=== Section Start ===

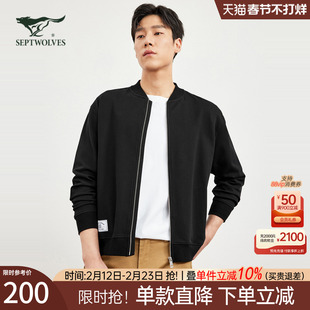 七匹狼棒球领夹克外套男士2025新款秋季休闲宽松行政短款黑色茄克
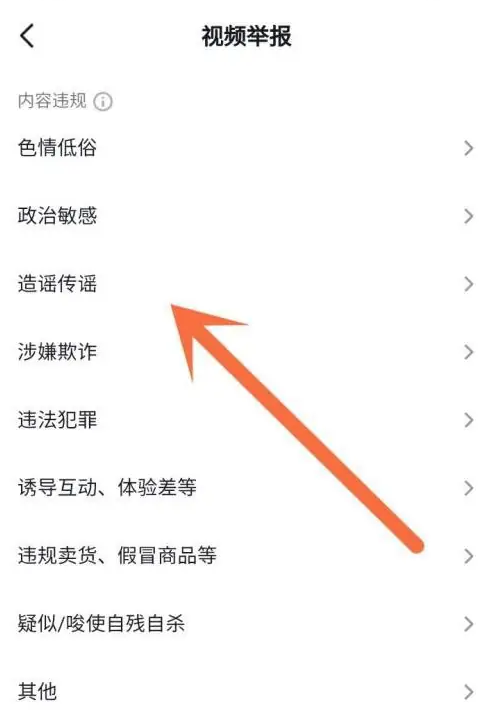 抖音如何举报视频违规-抖音举报视频违规教程介绍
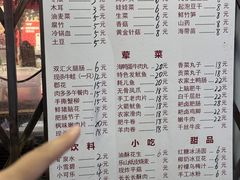 -古木枫老火锅(洪崖洞店)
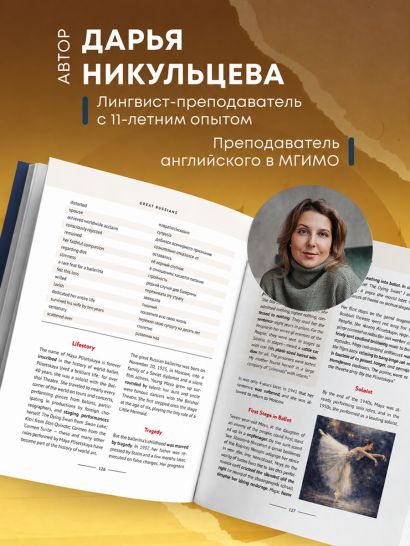 Great Russians: читаем и говорим на английском. 20 историй о гениях русской культуры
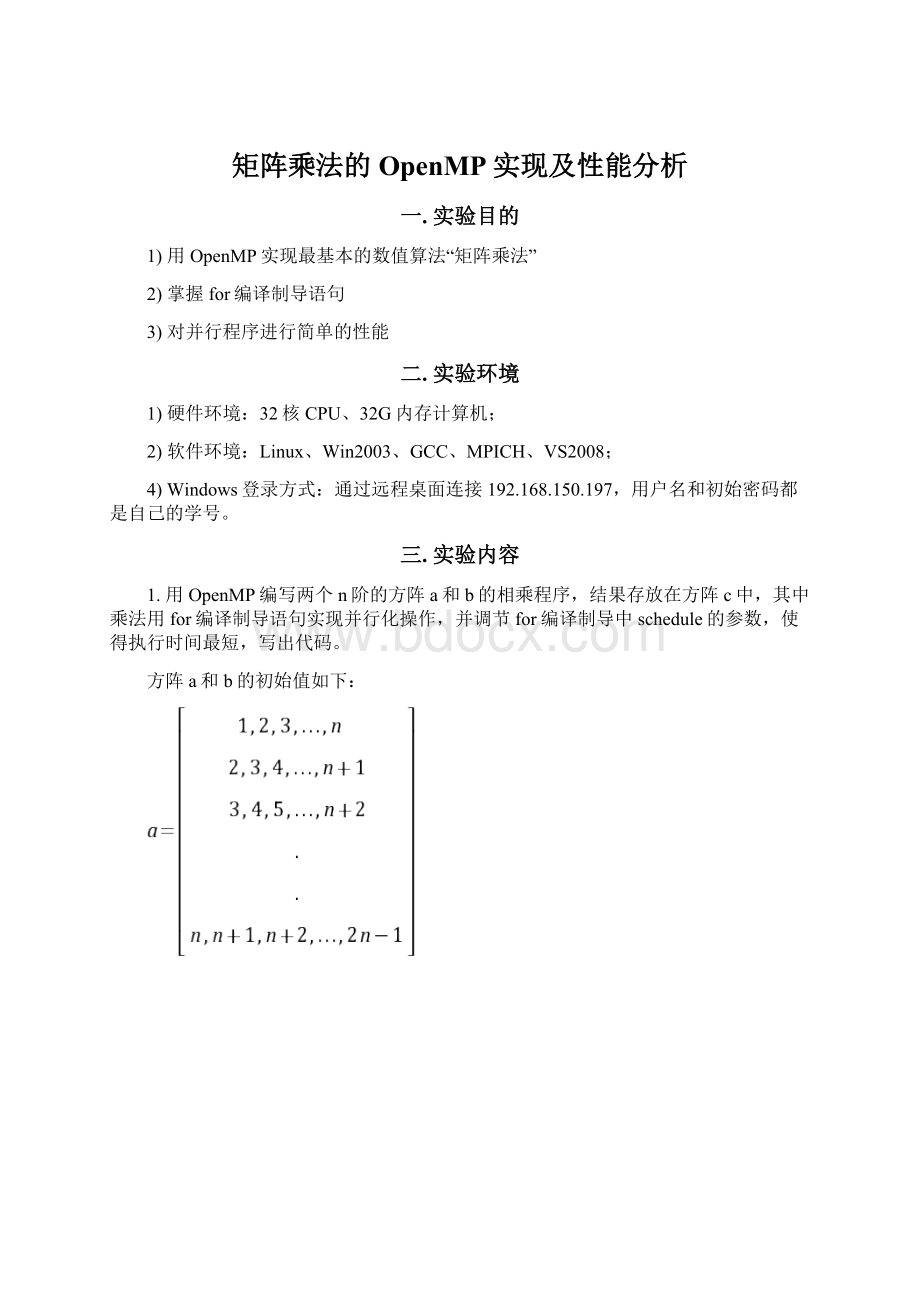 矩阵乘法的OpenMP实现及性能分析Word格式文档下载.docx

=== Section End ===

**Task instructions**
All of the data must be given again exactly, without the pictures.

**Result below**
 七匹狼棒球领夹克外套男士2025新款秋季休闲宽松行政短款黑色茄克
 抖音如何举报视频违规-抖音举报视频违规教程介绍
 -古木枫老火锅(洪崖洞店)
 Great Russians: читаем и говорим на английском. 20 историй о гениях русской культуры
 矩阵乘法的OpenMP实现及性能分析Word格式文档下载.docx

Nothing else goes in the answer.